As players across the steel supply chain work to increase overall transparency in terms of price and supply, companies can do a better job of allocating production resources. Integration improves efficiency and profitability as well as affects sustainability and better use of resources.
Life Cycle Analysis
The World Steel Association has developed a life cycle model that includes social, economic and environmental components, blended together to address overall sustainability. In order to understand the impact that an end-product made from steel has on the environment, businesses need to consider every step within its life cycle.
This model begins by looking at the initial resources, energy and emissions involved in producing steel in the first place. It then examines the initial use, including the return of pre-consumer scrap. Once the finished product is released, the life cycle model considers its entire useful life, including reuse and re-purposing stages.

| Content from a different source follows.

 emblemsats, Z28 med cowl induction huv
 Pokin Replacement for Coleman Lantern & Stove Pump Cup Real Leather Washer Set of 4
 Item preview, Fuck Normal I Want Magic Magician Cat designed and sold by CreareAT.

Once the product reaches the end of its life, the model examines the resources it takes to disassemble and recycle steel components so they can begin the cycle again.
In 1996, the organization began a life cycle inventory study, which has been expanded each year. The 2019 study reports that it includes more than 99% of steel technologies worldwide and covers over 20% (364 million tonnes) of the steel production by company on a global basis. It is a comprehensive report that starts with raw materials at the beginning of the steel life cycle through to its final disposal.
The study looked at 24 separate steelmaking process steps including coke making, hot strip mill, and rebar, to name a few. The four categories the study examined were global warming potential, acidification potential, eutrophication potential and photochemical oxidant creation potential.
Organizations can use the results of this study to compare and contrast different steel materials in terms of sustainability and their overall effect on resources and the environment and make material decisions accordingly.
As companies operating in the steel industry move forward, sustainability will continue to be a key driving factor in overall profitability as well as public image. Understanding the different components of sustainability within the industry as a whole can help you find ways to make changes in your own organization in terms of how you source, purchase, use, reuse, remanufacture, or recycle this critical material.